Pierluigi Raffo valuta, ogni anno,
circa 1.500 cani. E' considerato uno dei massimi esperti, in
Italia, di cani 'impegnativi'. E' laureato in Tecniche di
allevamento del cane di razza ed educazione cinofila, Master in
istruzione e altra specifica formazione, gestisce il parco
canile di Rovereto e sui casi di aggressione da parte di cani
tipo bull, come quella che si è verificata nel Salernitano dove
un bimbo di poco più di un anno è stato ucciso da due cani, ha
diversi aspetti che mette in chiaro.
"Le domande da porsi quando succedono queste cose sono
tantissime - premette -: i cani erano abituati e socializzati
con il bambino? Frequentavano la famiglia? Un cane forte non ha
bisogno di aggredire, la sua può essere una richiesta di
distanza, un azione di tutela della persona, una predazione o
anche una espressione di paura. Se un cane non è abituato al
pianto di un bimbo può scattare un'aggressione anche per paura,
perché il bimbo viene percepito come un pericolo. Ma
l'aggressività può anche essere determinata dall'atteggiamento
protettivo nei confronti di una persona. Dire 'non è successo
nulla e il cane ha aggredito' non può mai essere vero perché i
cani non sono pazzi e non partono senza significato".

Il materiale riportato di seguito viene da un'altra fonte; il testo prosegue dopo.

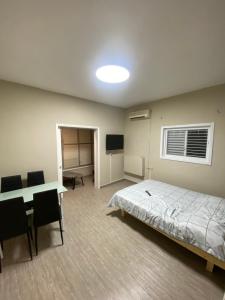 a bedroom with a bed and a desk and a television at Teper Apartment in Bat Yam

C'è, dunque, la responsabilità di chi possiede un cane
considerato pericoloso. E, per Raffo, c'è una responsabilità
anche dello Stato. "E' stata l'ordinanza Sirchia ad introdurre
una 'black list' di cani pericolosi e poi l'ordinanza Martini
2009 a stabilire di istituire percorsi formativi per i
proprietari di cani con rilascio di un patentino. Il patentino
per alcune razze di cani già è previsto, come ad oggi richiamato
dall'Ordinanza Paolo Fadda dell'agosto 2013, attuale ordinanza
di pubblica sicurezza, essa prevede che venga rilasciato un
patentino dall'Asl dopo un percorso gratuito a chiunque
(proprietario o no di un cane), ne faccia richiesta. Qualcuno
informa il cittadino su questo passaggio da fare? Qualcuno
controlla? No".
"Non solo - aggiunge - cani come i pitbull, che poi per
stabilire se lo sono davvero bisognerebbe conoscere la loro
storia, i loro genitori, non possono essere affidati a persone
che hanno reati o sono problematici. Lo Stato darebbe una
pistola ad un pregiudicato o ad uno schizofrenico? Ecco la
stessa cosa vale per questi cani terrier di tipo bull (così
vicini anche ai molossi). Qualcuno controlla? No. E allora, io
non voglio passare per chi sta dalla parte del cane ma il cane,
in tutte queste storie, non ha mai la colpa. La responsabilità è
di chi lo gestisce che già prima di prenderlo dovrebbe seguire
un percorso educativo specifico. Ma ahimè quasi nessuno lo fa".